The brain MR images in moyamoya disease patients with a large intracranial aneurysm. (a) Brain TOF-MRA presenting a bilateral middle cerebral artery occlusion with a large aneurysm (arrow). (b) Brain MRA with gadolinium enhancement in the same patient with a large aneurysm (arrow). (c) SWI image presenting with large intracranial aneurysms (arrow). (d) FLAIR image showing multiple old ischemic lesions in the parenchyma.

3. Discussion

Long-term hemodynamic changes due to major cerebrovascular occlusion may lead to a high frequency of intracranial aneurysms in moyamoya patients. High shear stress not only affects the early development of aneurysms in moyamoya patients, but it also increases the levels of nitric oxide synthase, matrix metalloproteinase-2, and -9 in the aneurysmal tissue, impairing endothelial cell homeostasis. [2].

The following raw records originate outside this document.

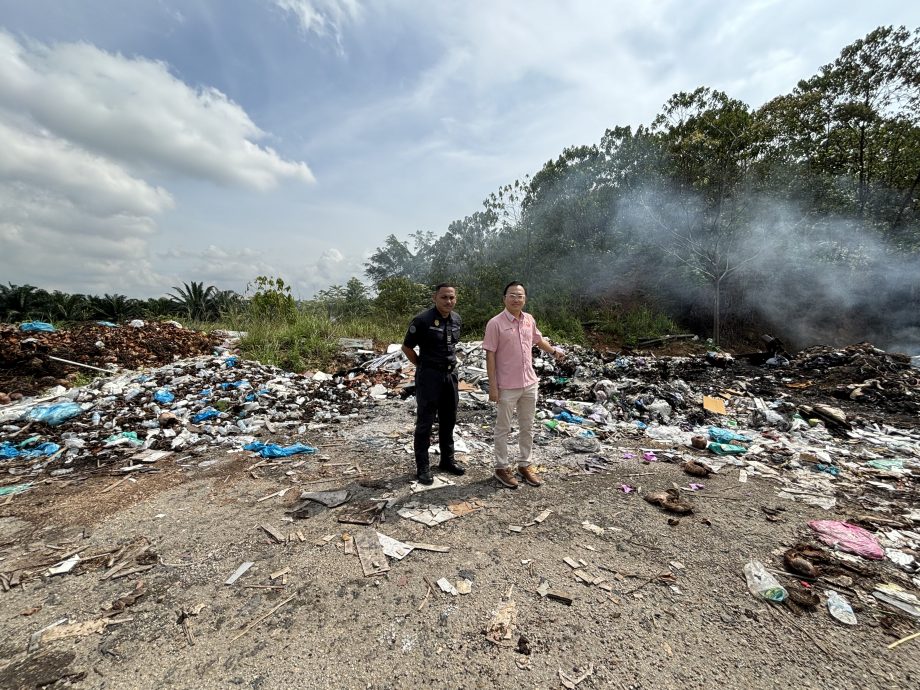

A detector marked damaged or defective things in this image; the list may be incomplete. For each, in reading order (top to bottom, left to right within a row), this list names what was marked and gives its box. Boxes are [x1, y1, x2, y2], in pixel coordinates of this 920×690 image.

broken wood piece [228, 560, 256, 580]
broken wood piece [260, 520, 286, 544]
broken wood piece [354, 528, 390, 576]
broken wood piece [232, 592, 296, 640]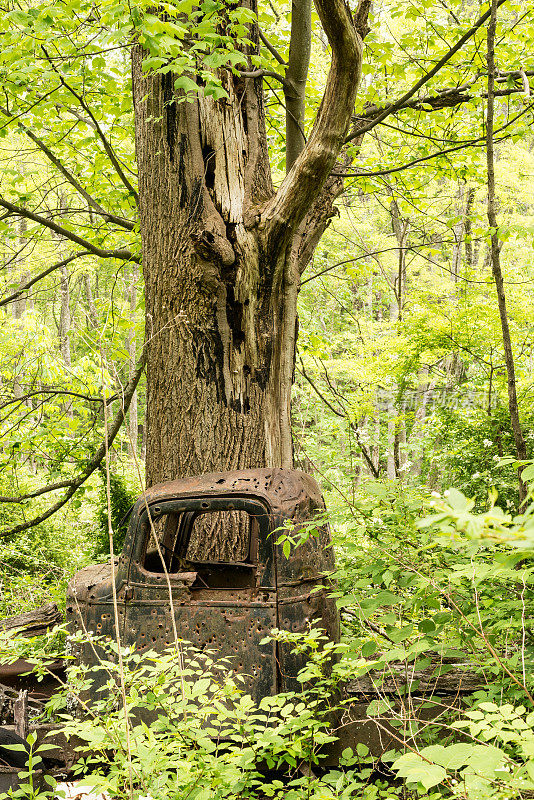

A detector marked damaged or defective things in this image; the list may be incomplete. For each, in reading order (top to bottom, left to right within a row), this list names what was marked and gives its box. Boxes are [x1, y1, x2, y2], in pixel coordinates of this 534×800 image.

rusty truck cab [67, 468, 340, 700]
abandoned truck [67, 468, 342, 700]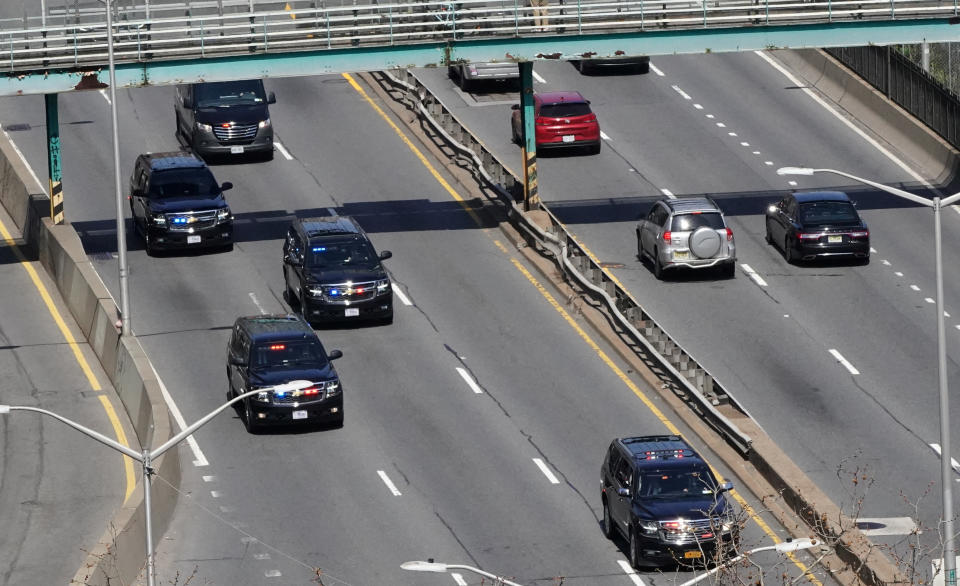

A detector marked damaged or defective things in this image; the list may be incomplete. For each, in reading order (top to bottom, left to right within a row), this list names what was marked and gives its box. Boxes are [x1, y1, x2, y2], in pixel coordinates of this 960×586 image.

bent guardrail [372, 67, 752, 452]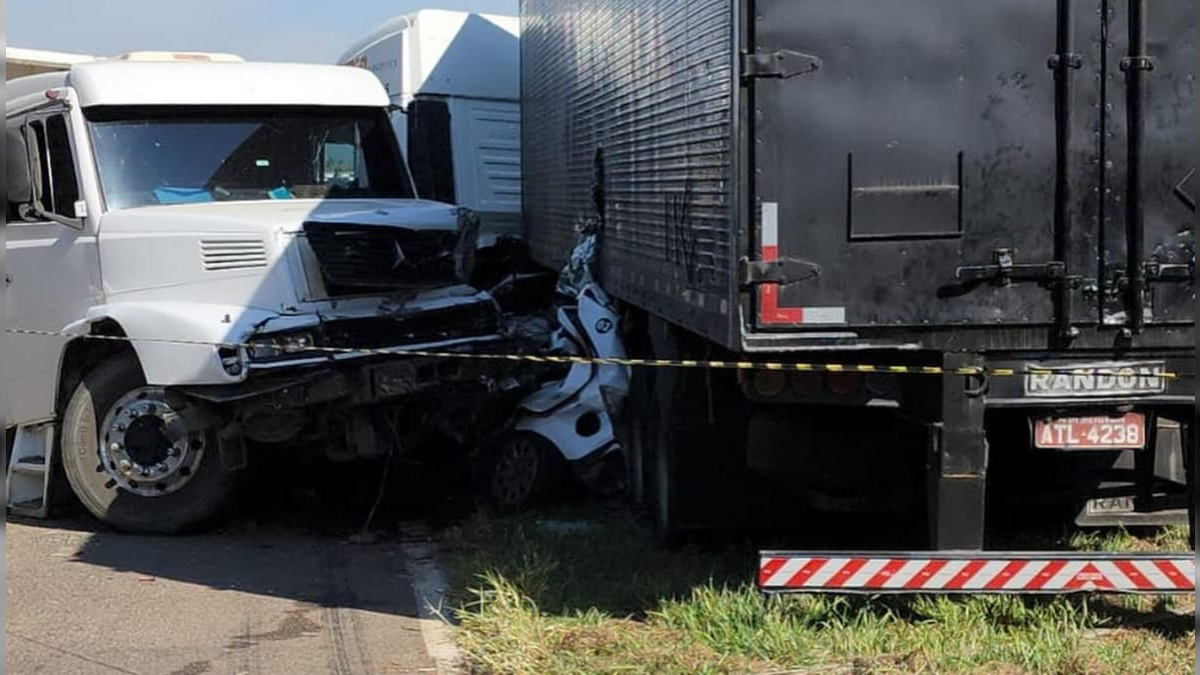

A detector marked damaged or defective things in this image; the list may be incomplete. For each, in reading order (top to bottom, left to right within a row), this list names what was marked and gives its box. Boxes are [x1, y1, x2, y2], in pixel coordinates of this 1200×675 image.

broken headlight [246, 329, 319, 360]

The high incidence of intracranial aneurysm in moyamoya patients may be associated with the pathological similarities between the two diseases (intracranial aneurysm and moyamoya disease). Decreased mesothelial thickness and structural defects are pathological findings in the intracranial aneurysm. In moyamoya disease, hyperproliferative vascular smooth muscle cells invade the endothelium, destroying the vascular endothelium and narrowing the lumen. The vascular mesothelium becomes fibrous and weak. Therefore, both aneurysms and moyamoya disease cause destruction of the internal elastic lamina and weaken the vascular mesothelium. Recently, derangement of the peri-endothelial matrix in moyamoya disease also increased the fragility by wall shear stress. [3].

Researchers at Nara University conducted a retrospective analysis of 111 moyamoya patients with cerebral aneurysms to study the location of the accompanying cerebral aneurysms. Of the 131 aneurysms identified in the patients, 56% were located in the circle of Willis, 18% in the basal ganglia, and 26% in the collateral vessel. In the circle of Willis, the posterior part was most common (33%), followed by the anterior part (23%). In a similar study on 2,230 moyamoya patients at Zhengzhou University Hospital, 209 cerebral aneurysms were found in 182 (8.2%) patients. Among them, 53 cases were present in the internal carotid artery, 47 cases in the anterior communicating artery or ACA, and 41 cases in the vertebrobasilar or posterior cerebral artery. Furthermore, aneurysm size >5 mm, irregular shape, and occurrence at the basilar tip or moyamoya vessels were risk factors for rupture in moyamoya patients with cerebral aneurysms.

According to the PHASES score for estimating the rupture risk of cerebral aneurysms, our patient was classified in the high-risk group for rupture (PHASES score of 14) [4]. However, the aneurysm in our patient has not ruptured for many years. We suggest two explanations for this condition. The first explanation is the aneurysmal location. Generally, arterial bifurcation aneurysms have a higher rupture risk due to hemodynamic effects [5]. However, our patient had an aneurysm slightly distal to the single A2 bifurcation. Therefore, the shear stress might have been reduced to some extent due to the turbulent flow in the branching area. In the second explanation, a fairly wide preaneurysmal artery diameter (4.3 mm) might have contributed to lowering the shear stress. A large diameter leads to an increase in the cross-sectional area, which contributes to lowering the shear stress. [6].

Aneurysms of a small diameter could be regressed by surgical procedures. Researchers in Germany investigated the microaneurysms of moyamoya vessels by using MRI. They found that one case of a microaneurysm naturally improved after bypass surgery [7]. Reduced hemodynamic stress might have contributed to the alleviation of the aneurysm.

Here, the patient with moyamoya disease did not experience an aneurysm rupture for a long period despite having a large aneurysm. Previous case studies suggest that various factors are involved in aneurysm rupture in moyamoya patients. This study will help in understanding the mechanisms of cerebral aneurysm occurrence and rupture in moyamoya patients.